Fenom has long supported regex for data processing. Since 1.3.0 regex is supported:

  1. In task configuration for record selector
  2. In source fields

This gives more flexible record selection from the source.

Example

Example of using regex in xParser for a tricky structure.

Given

Need to parse a site with unusual record structure. CSS or XPath couldn't match it. Example:

html
<div class=content>
  <p>
    <h2>Some header</h2>
    Section description text
  <p>
    18.01.10 <a href="http://domain.zone/link1.html">Record 1</a>
    <br>Record 1 description
  <p>
    24.12.09 <a href="http://domain.zone/link2.html">Record 2</a><br>
    Record 2 description
  <p>
    23.12.09 <a href="http://domain.zone/link3.html">Record 3</a>
    <br>Record 3 description
  <p>
    22.12.09 <a href="http://domain.zone/link4.html">Record 4</a><br>
    Record 4 description
  ...
</div>

Challenges

  1. Records not in separate containers.
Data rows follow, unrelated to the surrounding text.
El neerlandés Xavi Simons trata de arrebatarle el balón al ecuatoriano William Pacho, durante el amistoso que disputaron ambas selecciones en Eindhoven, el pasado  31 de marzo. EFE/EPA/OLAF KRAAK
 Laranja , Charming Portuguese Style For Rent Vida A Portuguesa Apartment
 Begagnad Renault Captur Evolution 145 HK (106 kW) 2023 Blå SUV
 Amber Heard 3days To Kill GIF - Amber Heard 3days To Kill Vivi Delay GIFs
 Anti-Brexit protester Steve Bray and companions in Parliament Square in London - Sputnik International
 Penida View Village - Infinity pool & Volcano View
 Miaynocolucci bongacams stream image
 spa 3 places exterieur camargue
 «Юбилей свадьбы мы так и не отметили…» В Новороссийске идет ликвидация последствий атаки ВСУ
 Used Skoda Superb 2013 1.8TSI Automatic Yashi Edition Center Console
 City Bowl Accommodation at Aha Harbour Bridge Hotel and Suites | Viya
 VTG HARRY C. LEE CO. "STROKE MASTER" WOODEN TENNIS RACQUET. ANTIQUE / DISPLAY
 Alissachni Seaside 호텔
Solved with regex!
  2. <p> tags in each record are opened but not closed. Handled by xParser internally!
  3. <br> can be right after link or on next line. Solved with regex!

xParser below 1.3.0 couldn't handle this.

Record selection

Create a task as usual. For record selector in configuration, choose syntax: CSS, XPath, or RegExp. We need regex.

Record selection

Regex for selecting records from this structure:

php
/<p>\s?([0-9]{2}\.[0-9]{2}\.[0-9]{2}) <a href="([^"]+)">(.+)<\/a>\s?<br>\s?(.*)\s?<\/p>/ui

This extracts each record on the page. There were about 100.

Source fields

Parse source fields with regex:

Source fields

  • Syntax = RegExp
  • Key = link
  • Selector: /<a.*href="([^"]+)/ui

Date

  • Syntax = RegExp
  • Key = date
  • Selector = /<p>\s?([0-9]{2}\.[0-9]{2}\.[0-9]{2})/ui

Description

  • Syntax = RegExp
  • Key = description
  • Selector = /<p>\s?[0-9]{2}\.[0-9]{2}\.[0-9]{2} <a href="[^"]+">.+<\/a>\s?<br>\s?(.*)\s?<\/p>/ui

Summary

Regex can parse even very complex structures. It's worth learning regex basics.